───── INPUT

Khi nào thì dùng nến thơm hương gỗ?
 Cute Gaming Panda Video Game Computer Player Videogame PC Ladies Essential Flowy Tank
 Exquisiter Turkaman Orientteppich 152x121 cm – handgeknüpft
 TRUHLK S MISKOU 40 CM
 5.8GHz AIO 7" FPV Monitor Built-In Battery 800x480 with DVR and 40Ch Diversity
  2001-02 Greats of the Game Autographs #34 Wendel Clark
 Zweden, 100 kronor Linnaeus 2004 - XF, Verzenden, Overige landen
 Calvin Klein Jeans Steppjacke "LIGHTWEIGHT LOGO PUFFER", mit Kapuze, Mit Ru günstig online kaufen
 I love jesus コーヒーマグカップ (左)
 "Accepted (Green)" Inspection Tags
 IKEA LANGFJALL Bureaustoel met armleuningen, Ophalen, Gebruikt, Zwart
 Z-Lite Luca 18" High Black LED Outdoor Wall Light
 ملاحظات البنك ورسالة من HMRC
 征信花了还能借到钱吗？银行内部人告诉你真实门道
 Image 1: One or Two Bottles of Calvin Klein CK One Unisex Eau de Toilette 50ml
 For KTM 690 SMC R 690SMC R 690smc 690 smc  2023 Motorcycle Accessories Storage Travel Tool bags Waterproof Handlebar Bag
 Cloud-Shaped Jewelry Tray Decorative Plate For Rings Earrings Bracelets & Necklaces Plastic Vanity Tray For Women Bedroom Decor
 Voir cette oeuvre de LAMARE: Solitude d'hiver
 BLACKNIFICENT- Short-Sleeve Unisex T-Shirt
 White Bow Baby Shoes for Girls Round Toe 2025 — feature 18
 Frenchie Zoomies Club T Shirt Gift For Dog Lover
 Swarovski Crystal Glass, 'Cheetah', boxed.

──────────

WORK INSTRUCTION:
Pull out each line of the records holding the string "Shirt".

ANSWER FOR THE TASK:
 BLACKNIFICENT- Short-Sleeve Unisex T-Shirt
 Frenchie Zoomies Club T Shirt Gift For Dog Lover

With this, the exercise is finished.